EXERCISE DIRECTIONS. Using the entries below, output each line exactly from the first through the one that contains "What is this".

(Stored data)
******

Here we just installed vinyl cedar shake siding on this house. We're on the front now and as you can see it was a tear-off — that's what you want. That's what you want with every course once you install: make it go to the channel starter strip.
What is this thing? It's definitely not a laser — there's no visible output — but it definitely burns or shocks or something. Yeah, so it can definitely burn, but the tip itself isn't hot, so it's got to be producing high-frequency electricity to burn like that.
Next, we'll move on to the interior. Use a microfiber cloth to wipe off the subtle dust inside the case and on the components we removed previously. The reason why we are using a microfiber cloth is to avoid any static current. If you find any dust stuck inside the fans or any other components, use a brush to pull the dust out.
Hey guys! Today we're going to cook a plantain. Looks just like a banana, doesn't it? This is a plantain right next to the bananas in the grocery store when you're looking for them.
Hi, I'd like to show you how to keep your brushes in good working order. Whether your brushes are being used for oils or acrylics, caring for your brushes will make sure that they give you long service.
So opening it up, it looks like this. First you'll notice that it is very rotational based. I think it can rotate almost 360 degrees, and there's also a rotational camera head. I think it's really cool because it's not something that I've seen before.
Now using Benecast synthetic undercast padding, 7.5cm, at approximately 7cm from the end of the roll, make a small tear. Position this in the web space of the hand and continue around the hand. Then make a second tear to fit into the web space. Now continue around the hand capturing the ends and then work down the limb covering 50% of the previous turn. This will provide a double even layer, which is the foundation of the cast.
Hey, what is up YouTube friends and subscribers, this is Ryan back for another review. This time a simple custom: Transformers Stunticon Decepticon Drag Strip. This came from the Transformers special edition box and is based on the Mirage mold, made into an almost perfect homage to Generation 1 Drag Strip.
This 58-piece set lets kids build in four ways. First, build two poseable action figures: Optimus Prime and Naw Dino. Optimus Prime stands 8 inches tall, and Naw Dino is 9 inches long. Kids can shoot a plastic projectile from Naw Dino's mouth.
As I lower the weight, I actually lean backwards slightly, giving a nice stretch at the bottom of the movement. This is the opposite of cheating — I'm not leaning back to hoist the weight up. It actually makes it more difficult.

******

YOUR RESPONSE.
Here we just installed vinyl cedar shake siding on this house. We're on the front now and as you can see it was a tear-off — that's what you want. That's what you want with every course once you install: make it go to the channel starter strip.
What is this thing? It's definitely not a laser — there's no visible output — but it definitely burns or shocks or something. Yeah, so it can definitely burn, but the tip itself isn't hot, so it's got to be producing high-frequency electricity to burn like that.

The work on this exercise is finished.